# [SOLVED] battlefeild 2 wont run in full screen



## zach_1523 (Feb 22, 2008)

Hello everyone, i just installed battlefield 2 the old one and it is only in the middle of the screen while playing, not full screen. I am playing on a 37 inch vizio TV and i have nvidia 8800 gt. Other games play fine like source,tf2,modern warfare 2 etc. but games like counterstrike 1.6, condition zero, and now battlefield 2 only play in the middle of the screen not full screen. Any help would be much appreciated

thanks,
Zach


----------



## tsujp (Mar 2, 2008)

*Re: battlefeild 2 wont run in full screen*

Hi there Zach_1523!

What resolution does the TV operate at? What resolution is the game set at?

If the game cannot scale itself up to fill the entire resolution the TV is trying to display it will produce a black border to fill in the rest of this area.
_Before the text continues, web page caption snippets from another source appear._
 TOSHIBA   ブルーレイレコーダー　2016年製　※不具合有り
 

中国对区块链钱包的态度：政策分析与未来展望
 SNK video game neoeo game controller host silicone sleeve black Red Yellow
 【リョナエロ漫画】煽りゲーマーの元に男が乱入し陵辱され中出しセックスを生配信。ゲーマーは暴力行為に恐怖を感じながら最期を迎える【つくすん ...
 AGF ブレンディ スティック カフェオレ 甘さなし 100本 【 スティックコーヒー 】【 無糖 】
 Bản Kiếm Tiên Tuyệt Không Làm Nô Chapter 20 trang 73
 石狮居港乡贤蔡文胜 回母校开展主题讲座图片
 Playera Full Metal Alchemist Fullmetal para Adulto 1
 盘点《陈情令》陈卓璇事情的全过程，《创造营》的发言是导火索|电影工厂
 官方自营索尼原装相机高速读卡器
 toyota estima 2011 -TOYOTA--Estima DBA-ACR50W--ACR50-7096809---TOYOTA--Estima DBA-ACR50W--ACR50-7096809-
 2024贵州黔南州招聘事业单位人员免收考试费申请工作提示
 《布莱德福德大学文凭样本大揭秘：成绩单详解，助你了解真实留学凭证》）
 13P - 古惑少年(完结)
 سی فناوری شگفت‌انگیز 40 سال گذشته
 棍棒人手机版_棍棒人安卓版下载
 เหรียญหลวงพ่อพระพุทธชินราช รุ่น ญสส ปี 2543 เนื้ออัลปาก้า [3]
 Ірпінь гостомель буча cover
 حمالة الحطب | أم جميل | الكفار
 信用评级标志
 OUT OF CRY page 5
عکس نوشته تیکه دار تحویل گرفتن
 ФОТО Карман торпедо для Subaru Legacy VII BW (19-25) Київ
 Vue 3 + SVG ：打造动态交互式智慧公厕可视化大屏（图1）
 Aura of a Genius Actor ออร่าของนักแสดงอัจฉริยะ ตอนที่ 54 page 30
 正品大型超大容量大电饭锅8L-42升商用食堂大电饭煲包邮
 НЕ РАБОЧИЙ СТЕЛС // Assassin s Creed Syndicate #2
Make sure the game is set to run on widescreen if your TV is set to that. Also make sure that your windows resoltuion in-game is the same as your desktop resolution.
E.g. your desktop resolution may be 1000x1000 but in-game it may change to 600x600.

I know the Nvidia control panel has a few options for exactly this, from memory. It should be somewhat along the lines of;
*Scaling resolution to full screen.*

I will look up the exact location of this option when I go home.

Make sure the game is set to run in full screen as well (this will be in the games options usually).

In summary things you should check for:

Game is checked for full screen operation (i.e. it scales to the monitors native resolution).
Nvidia control panel scaling option is checked.
Make sure the correct aspect ratio is being used (i.e. the games aspect ratio matches the TVs).
Make sure your TV isn't operating an a resolution larger than the game can output to.

Good luck,

Fluidz


----------



## zach_1523 (Feb 22, 2008)

*Re: battlefeild 2 wont run in full screen*

thanks alot i got it


----------



## tsujp (Mar 2, 2008)

*Re: battlefeild 2 wont run in full screen*

No problems.

Glad you got it sorted 

Would you be able to mark this thread as solved under the thread tools at your convienience please


----------